I am not sure that I know just why we planted beans always in the side of the hill; I have said we planted squash thus because the sprouted seeds were tender and the soil in the side of the hill did not bake hard after a rain. Also, we were careful not to make our bean hills too large, as the heavy rains turned the soft soil into mud which beat down over the vines, killing them.

Hoeing and Cultivating

These subjects I have sufficiently described, I think, when I told you how we hoed and cultivated corn.

Threshing

Threshing was in the fall, after the beans had ripened and the pods were dead and dried. Sometimes, when the weather had been favorable, the bean vines were quite dry and could be threshed the same day they were gathered. But if the weather was a little damp, or if, as was usually the case, the vines were still a little green, they had to be dried a day or two before they could be threshed.

To prepare for this labor, I went out into the field and pulled up all the corn stalks in a space four or five yards in diameter; this was for a drying place.

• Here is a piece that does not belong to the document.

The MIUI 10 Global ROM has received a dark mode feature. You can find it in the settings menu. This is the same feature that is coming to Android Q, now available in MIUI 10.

I pulled up the vines of one bean hill and transferred them to my left hand, where I held them by the roots; I gathered another bunch of bean vines in my right hand, as many as I could conveniently carry; and I took these vines, borne in my two hands, to the drying place, and laid them on the ground, roots up, spreading them out a little. I thus worked until I had pulled up all the vines that grew near the drying place.